▸ YOUR OBJECTIVE:
Restate each of the lines given below, word for word.

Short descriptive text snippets
_ _ _ _ _ _ _










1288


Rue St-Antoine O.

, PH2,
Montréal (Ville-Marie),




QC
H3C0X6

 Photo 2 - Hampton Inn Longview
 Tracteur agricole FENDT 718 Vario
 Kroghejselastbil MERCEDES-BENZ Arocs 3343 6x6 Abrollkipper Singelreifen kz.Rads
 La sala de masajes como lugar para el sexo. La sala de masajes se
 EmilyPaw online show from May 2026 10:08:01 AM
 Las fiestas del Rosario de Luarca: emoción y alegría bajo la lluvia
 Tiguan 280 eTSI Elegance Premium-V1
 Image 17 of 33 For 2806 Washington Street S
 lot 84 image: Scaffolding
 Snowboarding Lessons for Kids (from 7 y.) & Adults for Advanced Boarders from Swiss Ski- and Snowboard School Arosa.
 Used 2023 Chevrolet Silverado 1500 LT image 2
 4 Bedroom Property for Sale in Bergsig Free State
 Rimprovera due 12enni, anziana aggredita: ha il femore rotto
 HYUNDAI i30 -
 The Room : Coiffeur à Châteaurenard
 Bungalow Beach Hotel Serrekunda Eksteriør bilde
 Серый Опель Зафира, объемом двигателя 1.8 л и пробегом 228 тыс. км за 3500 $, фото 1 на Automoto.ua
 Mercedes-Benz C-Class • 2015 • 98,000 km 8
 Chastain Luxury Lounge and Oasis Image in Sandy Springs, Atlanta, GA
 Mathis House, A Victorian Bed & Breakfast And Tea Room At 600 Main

_ _ _ _ _ _ _

▸ OUTPUT OF THE EXERCISE:
1288


Rue St-Antoine O.

, PH2,
Montréal (Ville-Marie),




QC
H3C0X6

 Photo 2 - Hampton Inn Longview
 Tracteur agricole FENDT 718 Vario
 Kroghejselastbil MERCEDES-BENZ Arocs 3343 6x6 Abrollkipper Singelreifen kz.Rads
 La sala de masajes como lugar para el sexo. La sala de masajes se
 EmilyPaw online show from May 2026 10:08:01 AM
 Las fiestas del Rosario de Luarca: emoción y alegría bajo la lluvia
 Tiguan 280 eTSI Elegance Premium-V1
 Image 17 of 33 For 2806 Washington Street S
 lot 84 image: Scaffolding
 Snowboarding Lessons for Kids (from 7 y.) & Adults for Advanced Boarders from Swiss Ski- and Snowboard School Arosa.
 Used 2023 Chevrolet Silverado 1500 LT image 2
 4 Bedroom Property for Sale in Bergsig Free State
 Rimprovera due 12enni, anziana aggredita: ha il femore rotto
 HYUNDAI i30 -
 The Room : Coiffeur à Châteaurenard
 Bungalow Beach Hotel Serrekunda Eksteriør bilde
 Серый Опель Зафира, объемом двигателя 1.8 л и пробегом 228 тыс. км за 3500 $, фото 1 на Automoto.ua
 Mercedes-Benz C-Class • 2015 • 98,000 km 8
 Chastain Luxury Lounge and Oasis Image in Sandy Springs, Atlanta, GA
 Mathis House, A Victorian Bed & Breakfast And Tea Room At 600 Main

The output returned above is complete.